Burada sosyal medyanın günümüz toplumsal hareketlerinin sesini duyurma, kamuoyu oluşturma, iç iletişim ve örgütlenme gibi alanlarda kullanımını ya da ana akim medyanın dışındaki haberciler, haberler ve fikirlerin sosyal medyada kendisine yer bulmasını ve bunların önemini yadsıyamayız. Aynı şekilde çeşitli devlet birimleri, hâkim sınıfların partileri ve özel şirketlerin de aynı kişi ve grupları fişleme-gözetim (“surveillance” ya da sürveyans) ve kişisel bilgileri elde etme, propaganda ve örgütlenme için yine aynı teknoloji ve platformları kullandığını, üstelik bunu daha büyük kaynaklarla ve daha örgütlü yaptığını da gözden kaçırmamak lazım. Bu teknolojilerin kimler tarafından nasıl kullanıldığı ve konuşlandırıldığı ve bu platform ve teknolojilerin sahiplik yapıları ve nasıl işletildiği soruları bize örneğin Twitter’ın neden Gezi direnişi sırası ve sonrasında, hatta 2014’te Türkiye’de engellendiği dönemde bile kullanıcı sayısının artmasına rağmen AKP ile bir orta yol bulmaya çalıştığını ve bugünlerde de neden AKP’nin temsilci bulundurma, hâkim veya mahkeme kararı ile verilen erişime engelleme kararlarını dört saat içinde uygulama gibi şartlara uymayı kabul ettiği konusunda fikir verebilir.

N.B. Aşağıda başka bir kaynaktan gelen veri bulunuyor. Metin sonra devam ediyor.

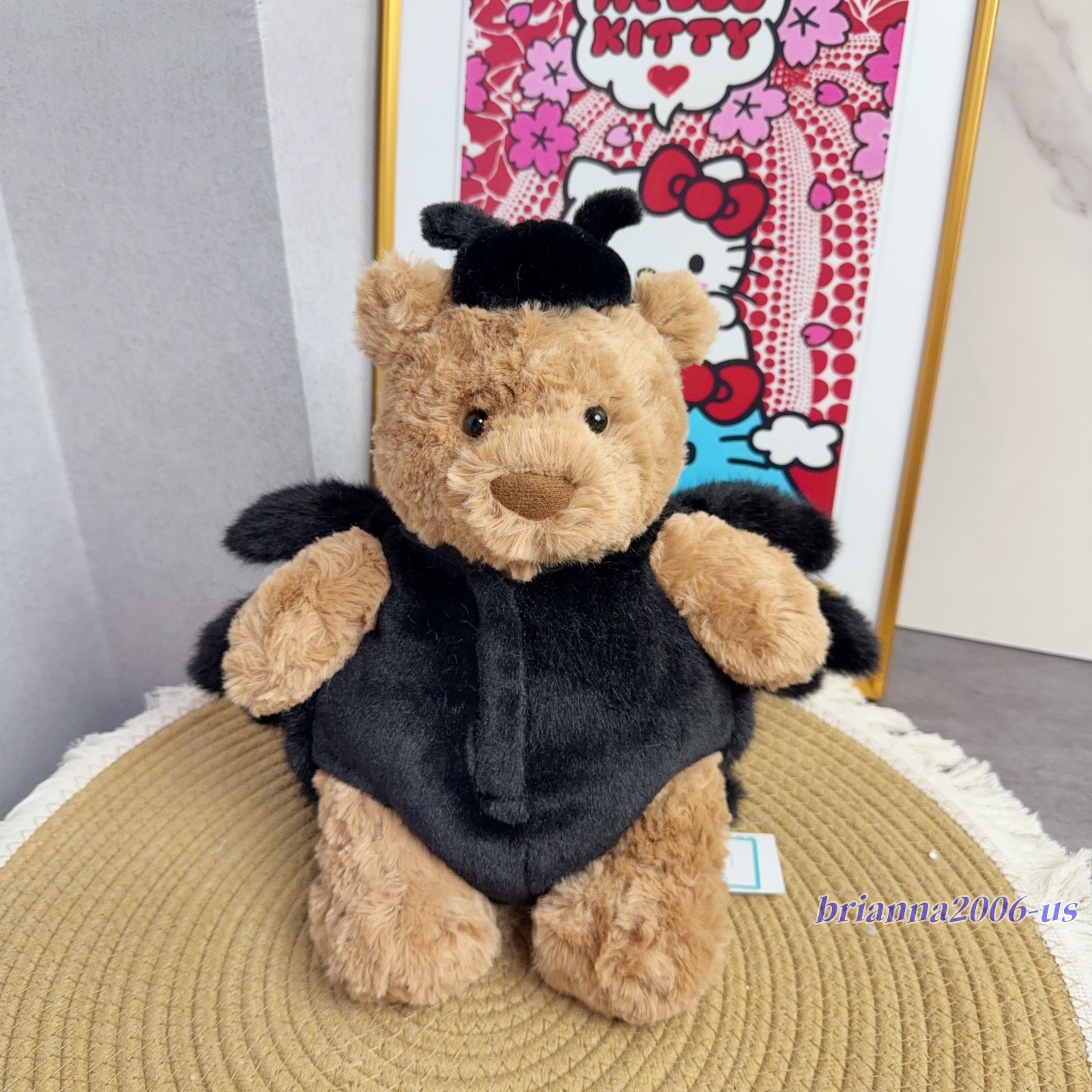 Jellycat black Bartholomew Bear Spider Small animal plush toys 11in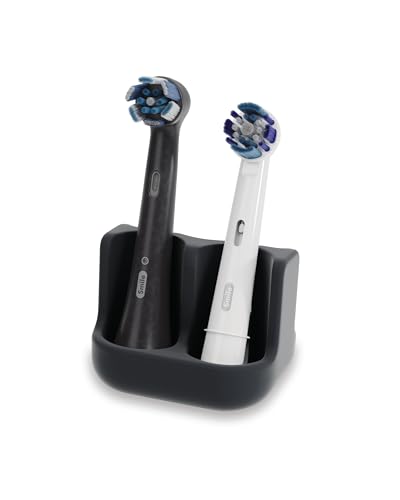 Qikfresh   Soporte para 2 Cabezales de Cepillo   Compatible con Oral B, iO, Philips Sonicare, Waterpik, Fairywill   Silicona alimentaria (Negro)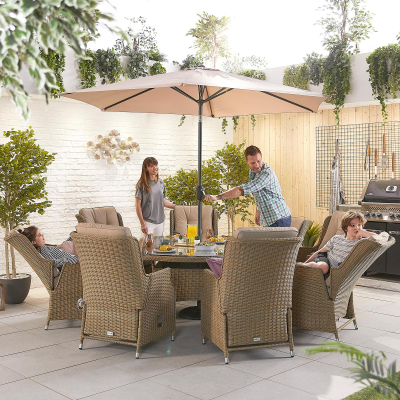 Carolina 8 Seat Rattan Dining Set - Round Table in Willow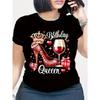 Red Birthday Queen Women's High Heels and Crown Wine Glass Pattern Tshirt Casual Short Sleeve Round Neck T-shirt Machine Wash
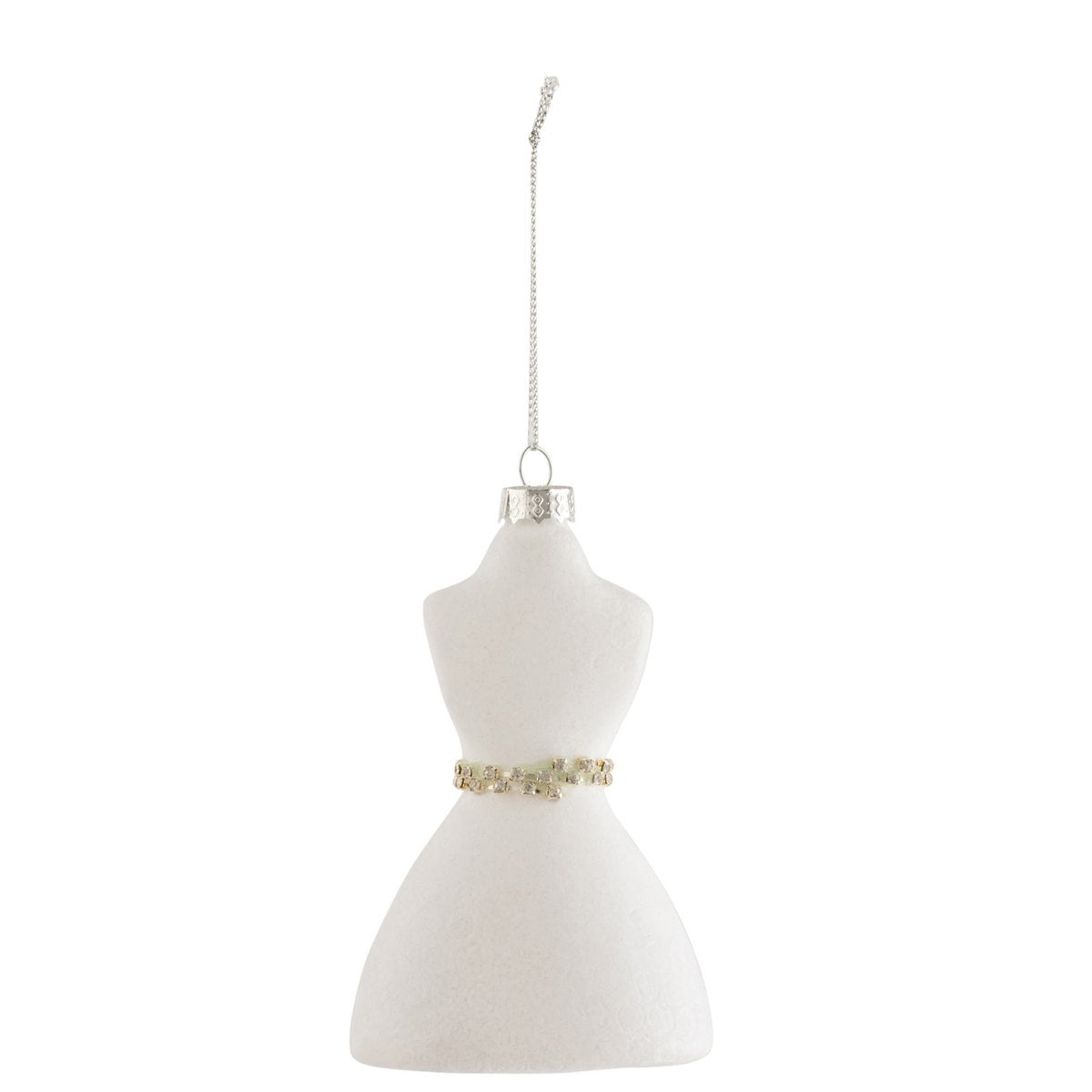Suspension Buste J-Line en velours et verre blanc, vue de face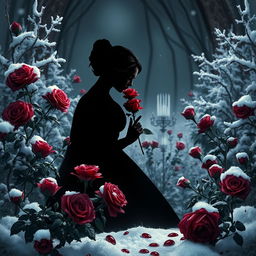 A realistic gothic book cover featuring the silhouette of a duchess gracefully smelling a rose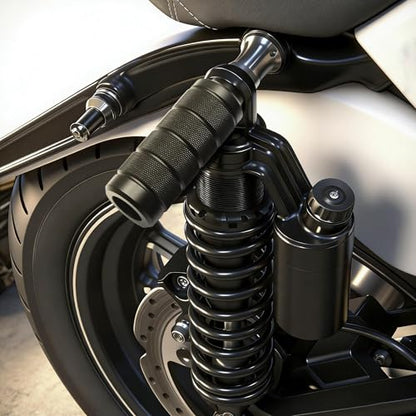 MZS Motorcycle Frame Slider CNC Kits Compatible with Sportster Iron 883 1200 XL883 XL1200 2004-2022, 4" Upper Shock Mount Rear Falling Anti Crash Protector Guards Aluminum Black - size: Sportster 883 1200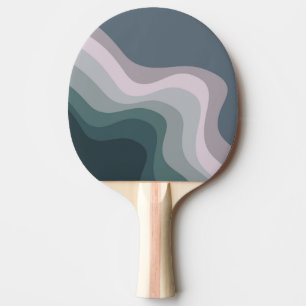 Purple and turquoise retro style waves ping pong paddle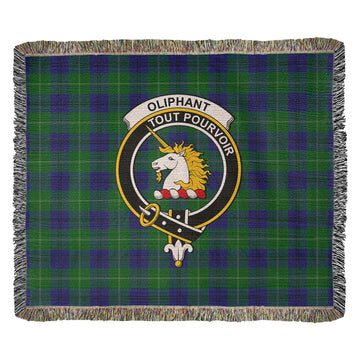 Oliphant Tartan Woven Blanket with Family Crest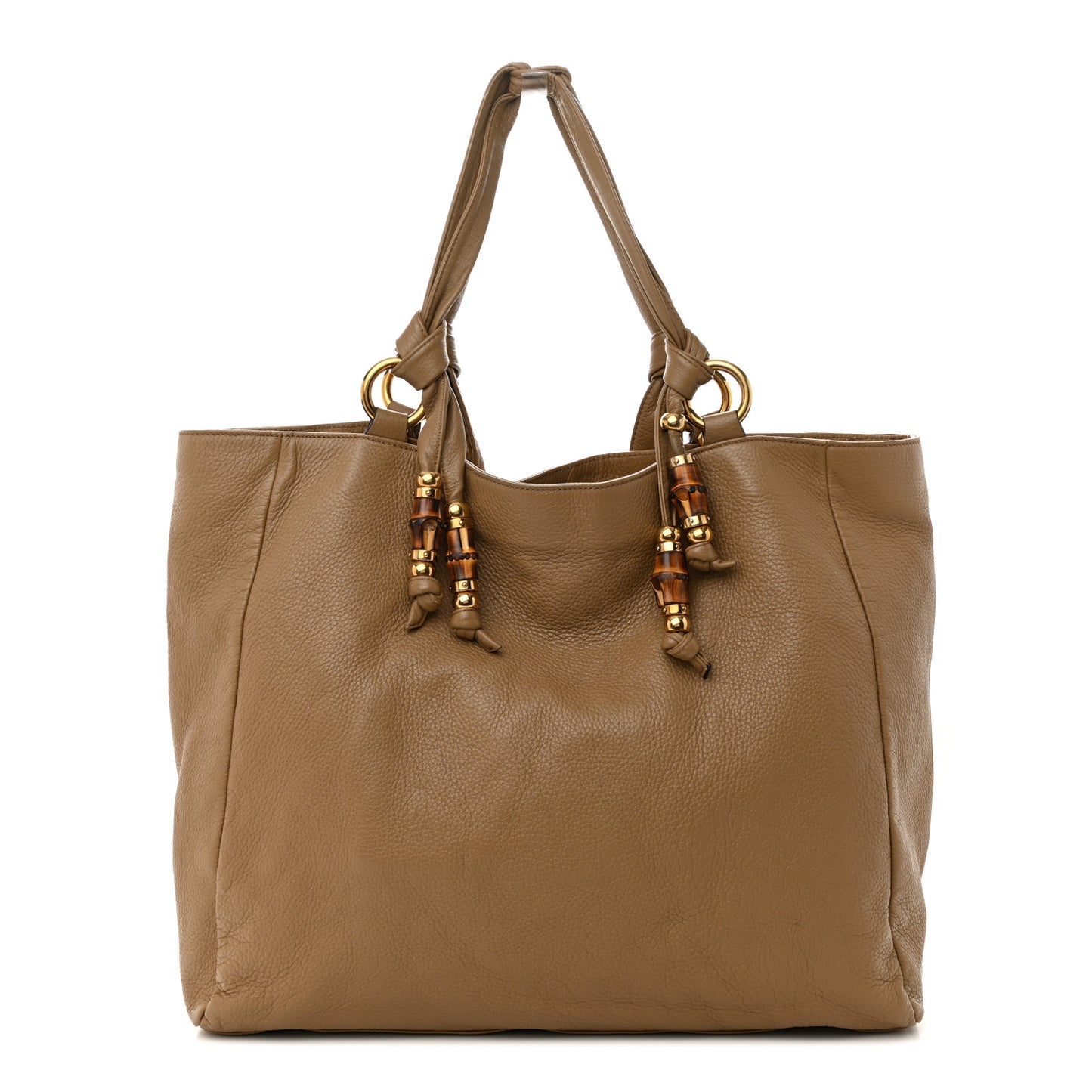 Pebbled Calfskin Large Jungle Tote Natural Tan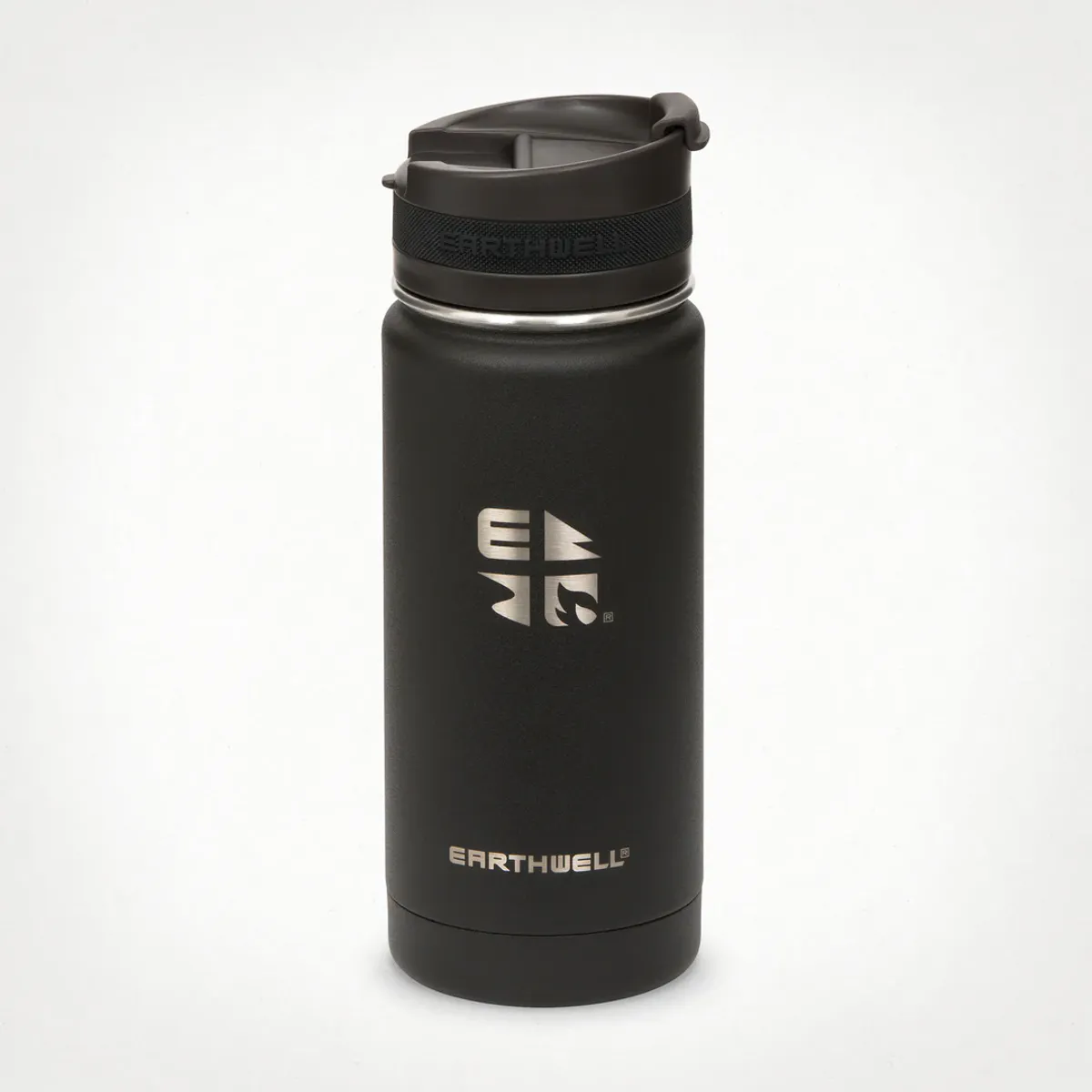 Earthwell 16oz Vacuum Bottle - Volcanic Black - Roaster Cap.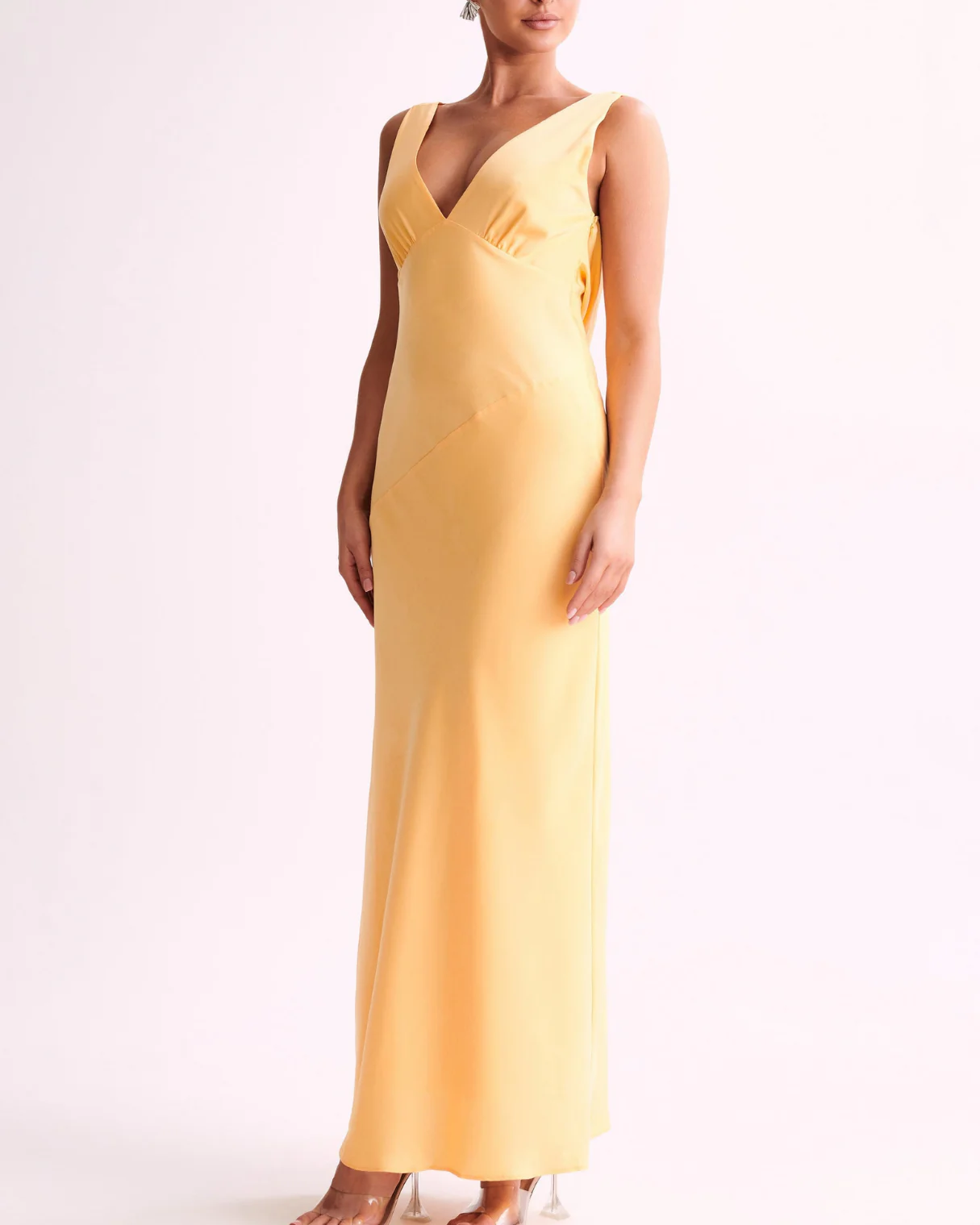Raisa Maxi Satin Dress With Back Cowl in Lemon - Image 4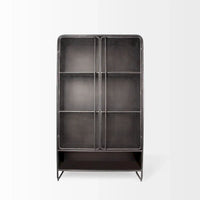 Vitrine Klaus marron foncé en métal poli avec portes grillagées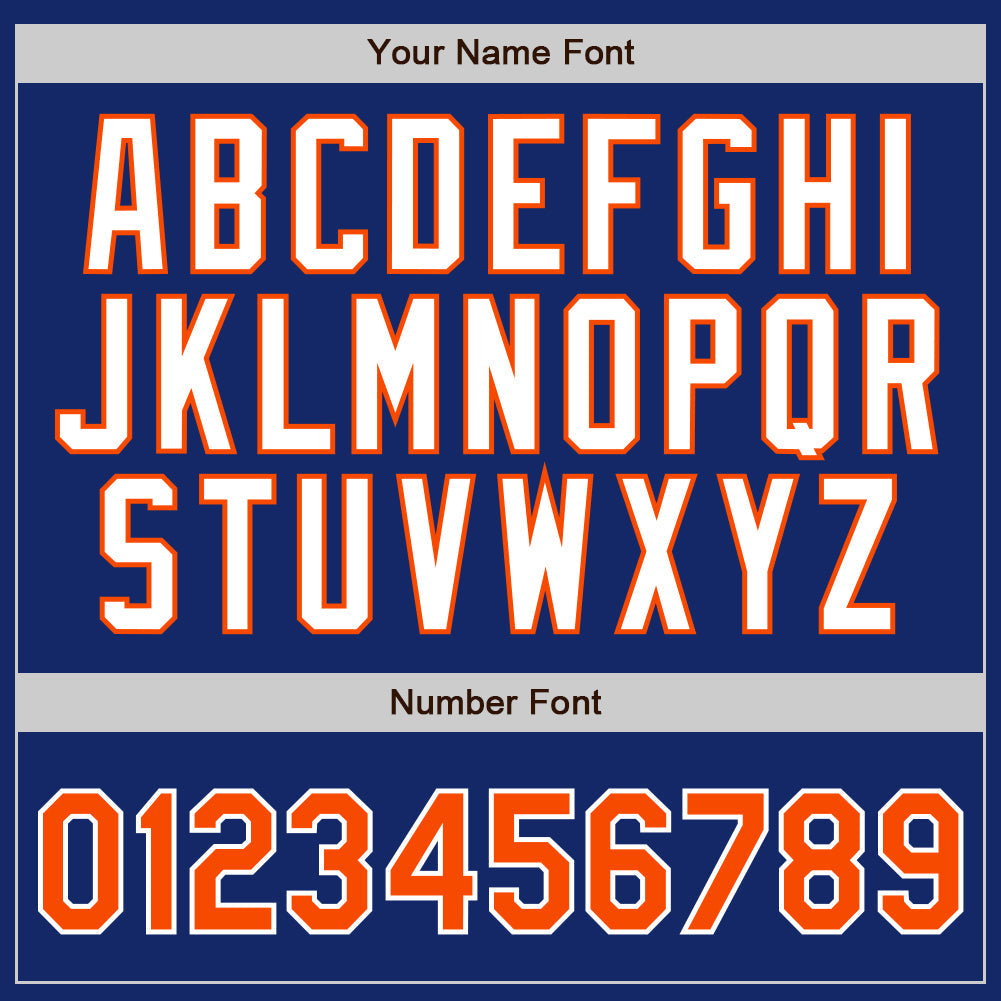 Custom Royal Orange Pinstripe Orange-White Authentic Baseball Jersey view 4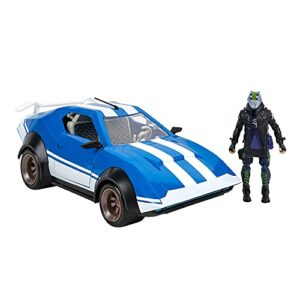 fortnite joy ride whiplash vehicle (blue & white), with 4-inch articulated x-lord figure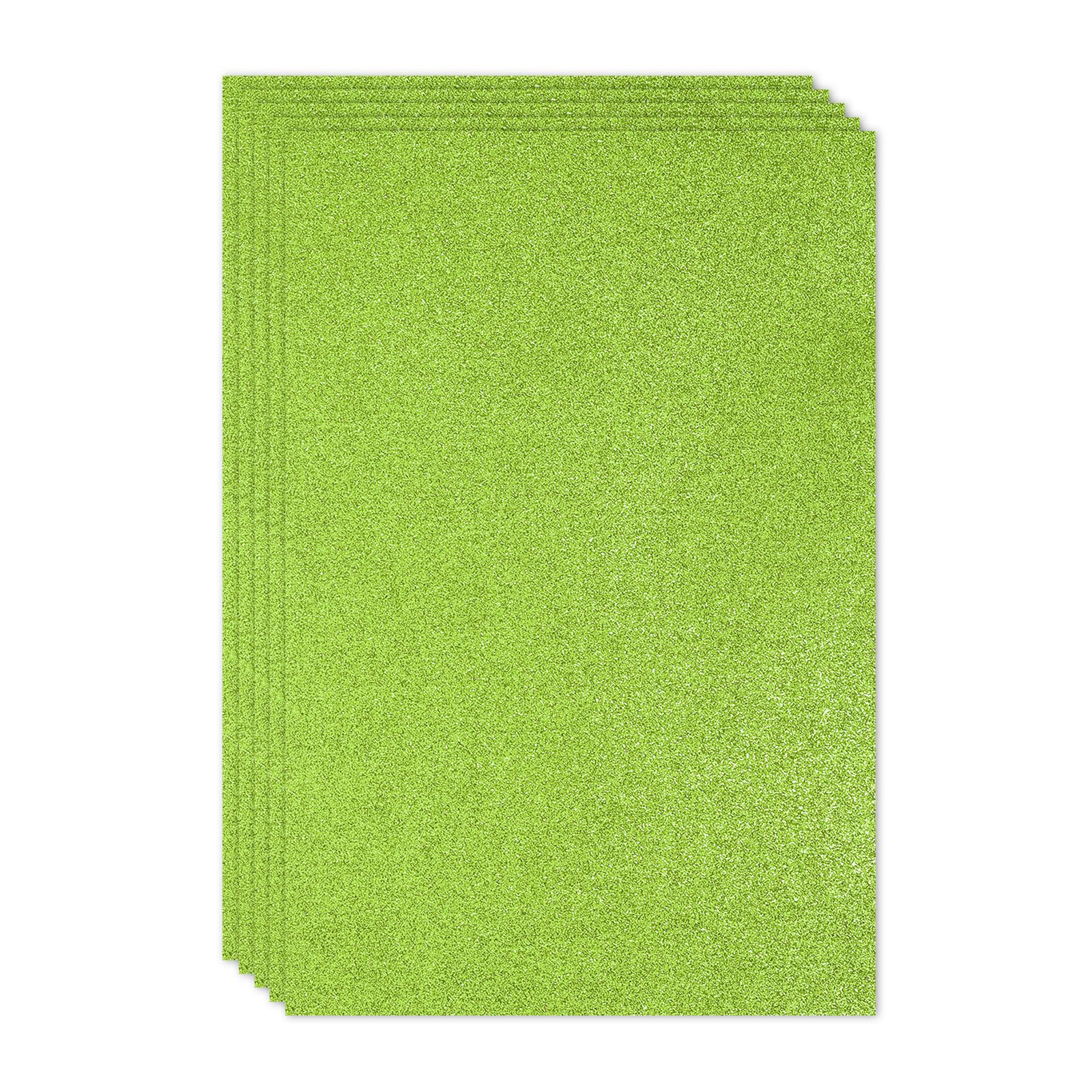 PATIKIL Light Green Shiny EVA Glitter Foam Sheet 11.8 x 7.9 Inch 2mm Thick Sparkle EVA Glitter Felt for Crafts DIY Project 5 Pcs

SOSYAL MEDYANIN KULLANIM VE DEĞİŞİM VE DEĞERLERİ

Toplumsal hareket ve kriz dönemleri sosyal, siyasal incelemeler için eşsiz fırsatlar yaratır ve her zaman önemli veriler üretir; hayatın normal akışı ve donmuş görünen ilişki ve süreçlerin sekteye uğradığı ve egemenlerin çıkarlarına meydan okunduğu zamanlar farklı taraf ve stratejileri daha görünür ve gözlenebilir kılıyor. Medyanın kullanımı ve konuşlandırılması açısından Gezi direnişi ve sonrasında olanları kabaca hatırlayalım. Gezi protestoları sırasında çok kısa sürede anlaşıldı ki AKP medyasının yanında ana akım medya da eylemcileri çoğunlukla ya görmezden geldi ya da karşısında durdu. CNN Türk’ün penguenleri protestoların simgelerinden biri olurken, eylemler medya plazaları önlerine kadar taştı. Zaten eylemciler tarafından hâlihazırda yoğun olarak kullanılan sosyal medya, Gezi’de olan ve Gezi’yi destekleyen herkesin ağırlıklı mecrası oldu. Polis şiddetini ifşa etme, AKP’nin ve ana akim medyanın söylemlerini kırma, parkın içinden ihtiyaç listelerini yayma ve protestolara çağrıdan, hangi sokakta polis barikatı, saldırısı olduğu, hangi sokakta mobil ilkyardım olduğu, hangi evlerin protestocuları kabul ettiğine kadar çok geniş bir alanda ve etkili kullanıldı. Bu arada yazışmaların devletin çeşitli birimleri tarafından da takip edildiği günler hatta aylar, yıllar sonra gelen gözaltılar ve iddianamelerle de ortada.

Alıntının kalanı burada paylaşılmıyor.